** Problem statement **
Could you output the whole listing exactly as it stands, minus any images?

** Raw data **

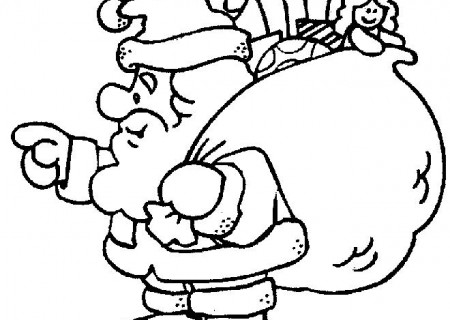 Dibujos de Papa Noel para colorear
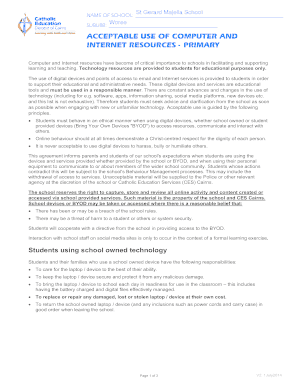 Acceptable Use of Computer and Internet Policy
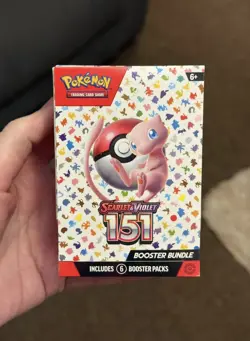 Pokemon TCG 151 Scarlet and Violet Booster Bundle Trading Cards Set - 6 Packs 820650853210 - Image 1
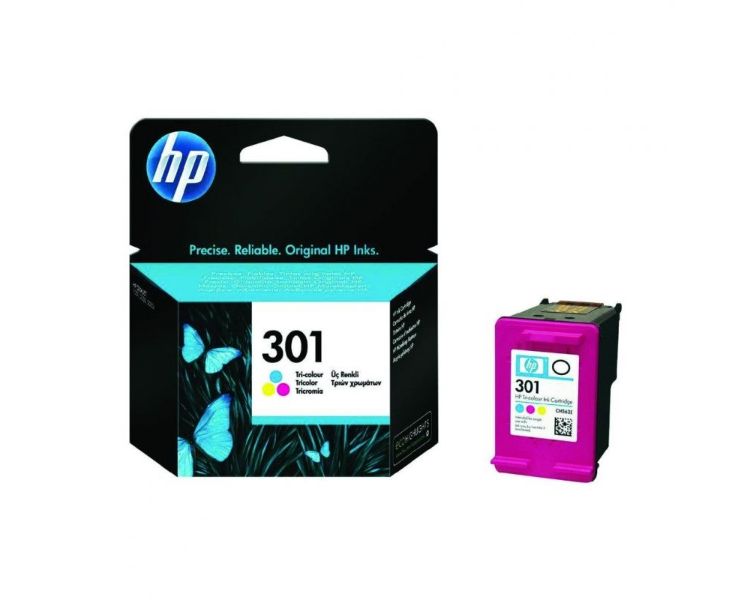 Cartucho Tricolor Hp 301 (Ch562Ee)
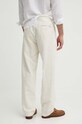 Дрехи Панталон Pepe Jeans RELAXED PLEATED LINEN PANTS PM211700 бежов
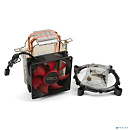 CBR-CC-295 Кулер для процессора, Al+Cu, 2 heat pipes, Socket 775/1155/1156/1150/1151/1200/1700/940/AM2/АМ2+/АМ3/AM3+/FM1/FM2/AM4/AM5, TDP 95W, 90mm Fa
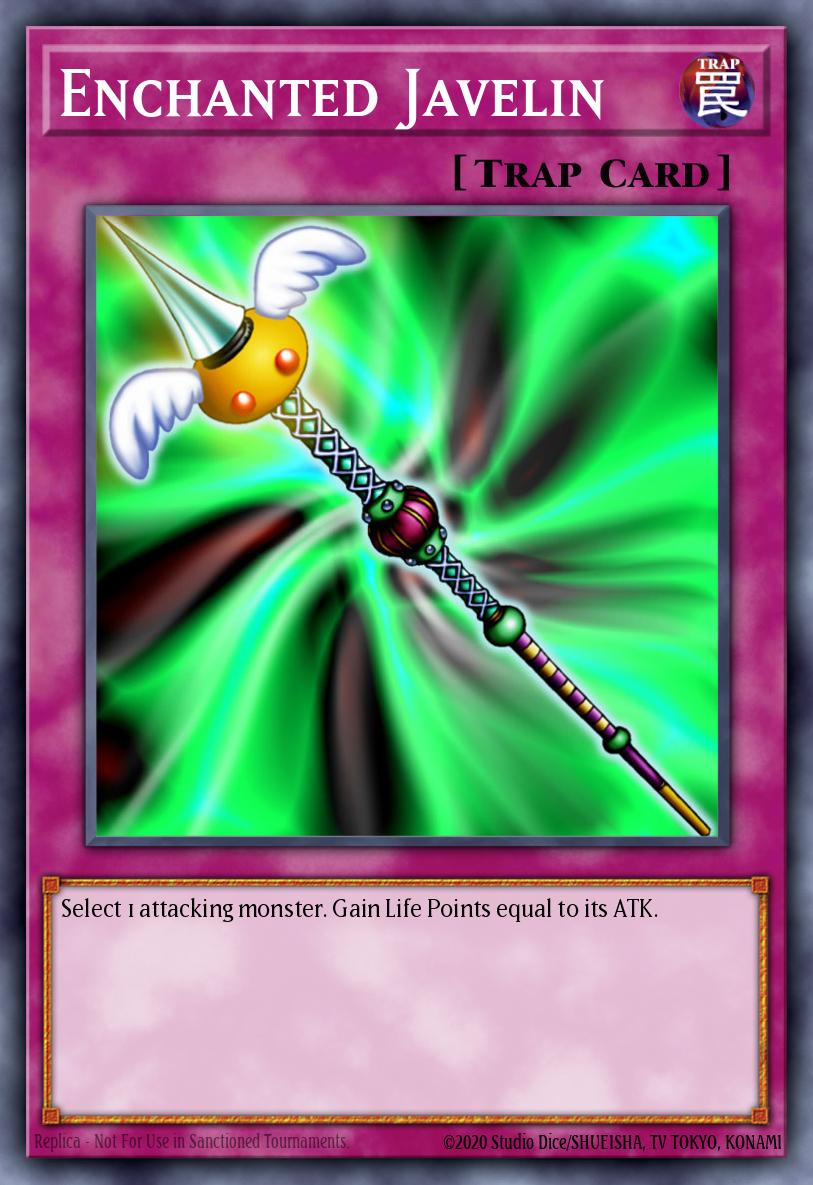 Enchanted Javelin Common DB1-EN077 Dark Beginning 1 Yugioh card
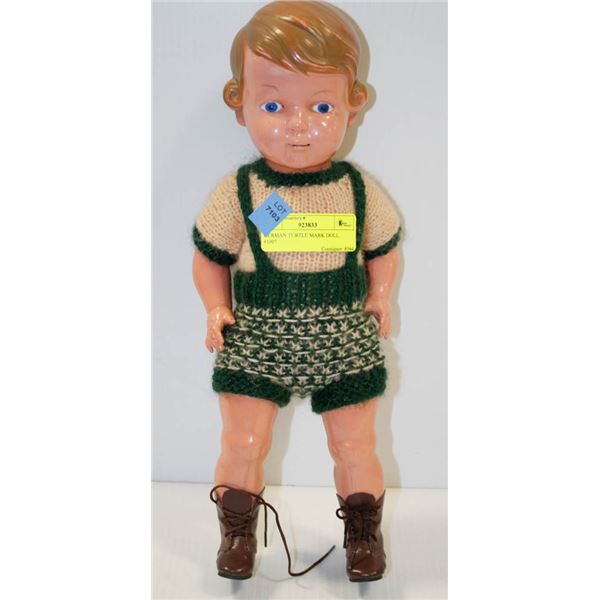 GERMAN TURTLE MARK DOLL.  #1007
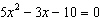 Solve the quadratic equation. Give both the exact solution(s)  and solution(s)  rounded to two decimal places.   A)    B)    C)    D)  no solution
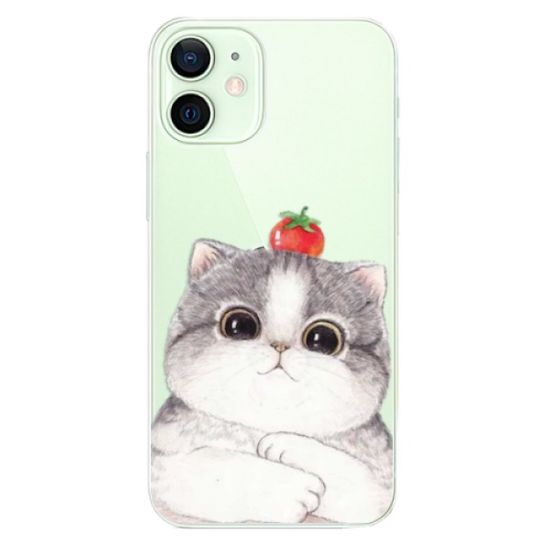 iSaprio Silikónové puzdro - Cat 03 pre Apple iPhone 12 Mini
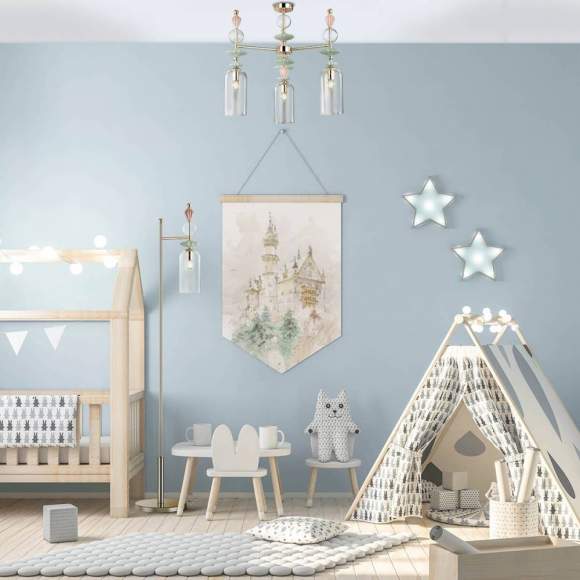 Люстра на штанге Odeon Light Bizet с поддержкой Алиса 4855/3C-A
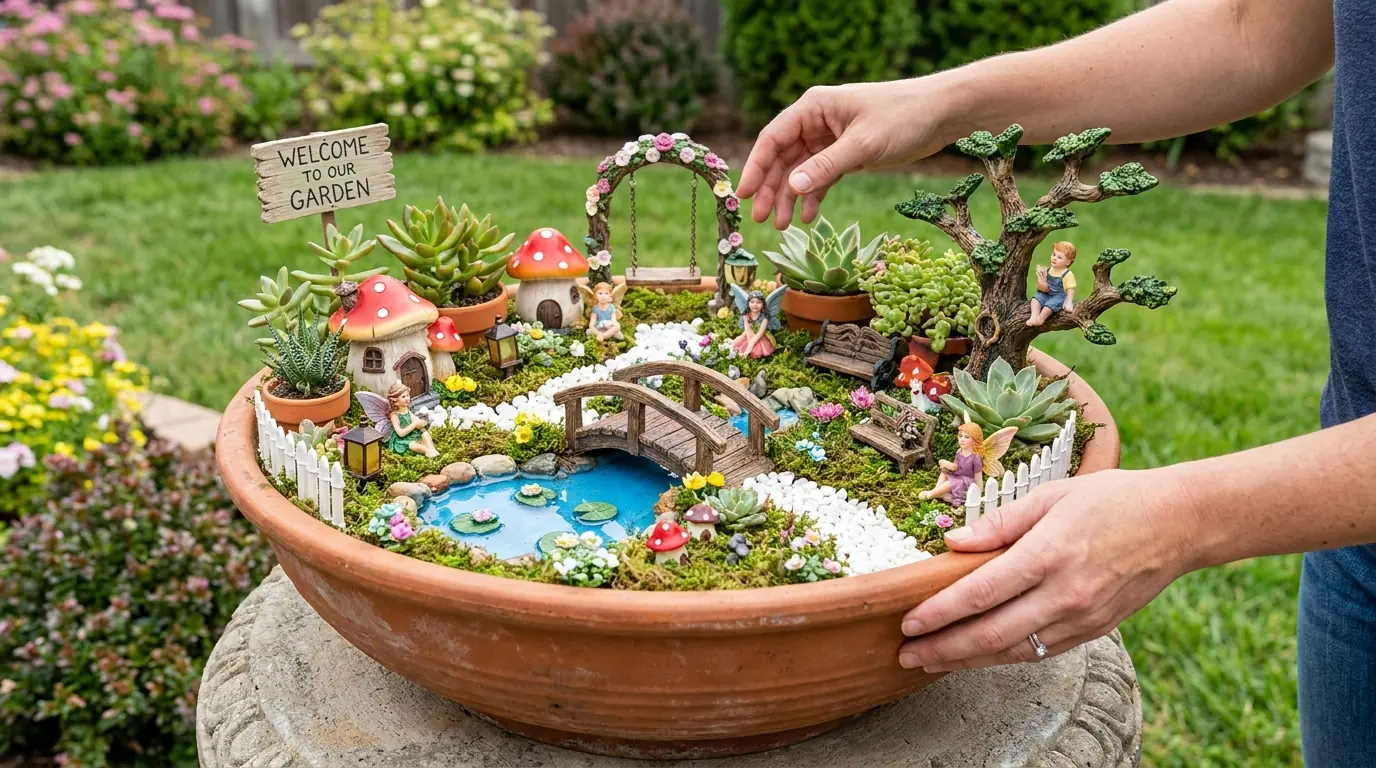 DIY Fairy Garden in a Large Terracotta Pot: How to Build a Magical Miniature Garden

** Response area **
 Dibujos de Papa Noel para colorear
 Acceptable Use of Computer and Internet Policy
 Pokemon TCG 151 Scarlet and Violet Booster Bundle Trading Cards Set - 6 Packs 820650853210 - Image 1
 Cartucho Tricolor Hp 301 (Ch562Ee)
 Дрехи Панталон Pepe Jeans RELAXED PLEATED LINEN PANTS PM211700 бежов
 CBR-CC-295 Кулер для процессора, Al+Cu, 2 heat pipes, Socket 775/1155/1156/1150/1151/1200/1700/940/AM2/АМ2+/АМ3/AM3+/FM1/FM2/AM4/AM5, TDP 95W, 90mm Fa
 Enchanted Javelin Common DB1-EN077 Dark Beginning 1 Yugioh card
 GERMAN TURTLE MARK DOLL.  #1007
 Solve the quadratic equation. Give both the exact solution(s)  and solution(s)  rounded to two decimal places.   A)    B)    C)    D)  no solution
 iSaprio Silikónové puzdro - Cat 03 pre Apple iPhone 12 Mini
 Люстра на штанге Odeon Light Bizet с поддержкой Алиса 4855/3C-A
 DIY Fairy Garden in a Large Terracotta Pot: How to Build a Magical Miniature Garden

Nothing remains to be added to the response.